Какие можно определить главные риски для экономики Казахстана? В каком состоянии находится банковский сектор и какие у него перспективы? Что нужно делать в сложившийся ситуации? К чему ведет жесткая денежно-кредитная политика Нацбанка? На эти и другие вопросы мы попросили ответить управляющего партнера Tengri Partners Ануара Ушбаева.

ануар ушбаев

***

— Экономическая ситуация в Казахстане не дает поводов для оптимизма. Какие главные риски для казахстанской экономики, помимо сохранения нефтяных цен на низком уровне, Вы видите?

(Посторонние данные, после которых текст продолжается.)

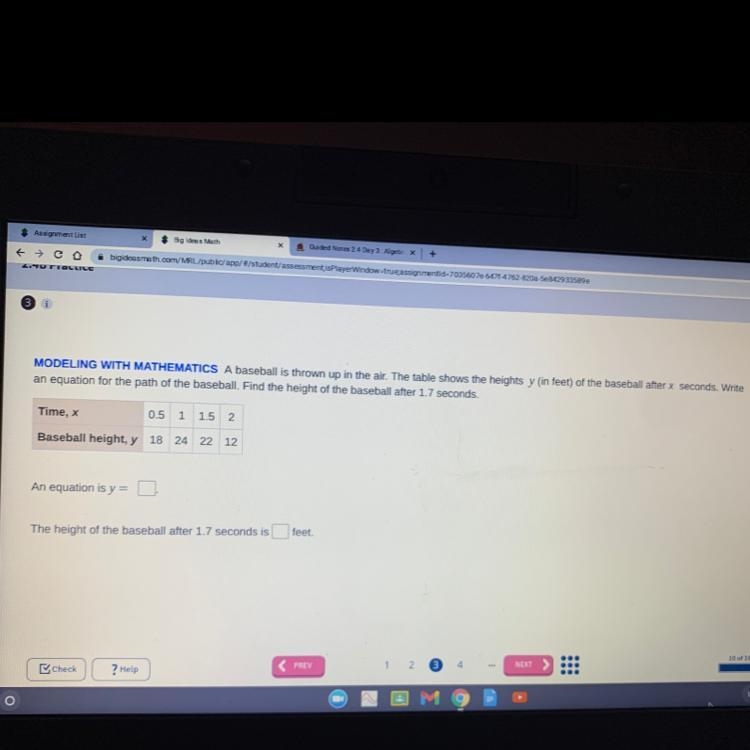 What is the equation for y= and The high of the basketball after 1.7 second? Please-example-1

— Первоочередной риск для казахстанской экономики — это нестабильность финансовой системы. Второй большой риск — это серьезное снижение уровня доходов населения, которое было вызвано падением притока инвестиций в экономику и которое ведет к дальнейшему сжатию спроса и ВВП.

И третий серьезный риск — это нестабильность финансирования государственного бюджета. Сегодня порядка 40% его расходов обеспечивают трансферты из Национального фонда, тогда как, например, в 2006 году этот показатель был равен нулю. Это говорит о том, что в случае израсходования всех средств Нацфонда казахстанский бюджет схлопнется в 2 раза. Это большая проблема, которую придется решать. Но как — это сложный вопрос.

— Что нужно делать для решения этой проблемы?

— Самый простой ответ — это взять машину времени, вернуться в 2002 год и поступить умней. Но если говорить серьезно, то нужен комплекс мер, о которых рассказать в рамках одного интервью невозможно. Нам нужно правительство реформаторов. Нам нужны технократы во власти.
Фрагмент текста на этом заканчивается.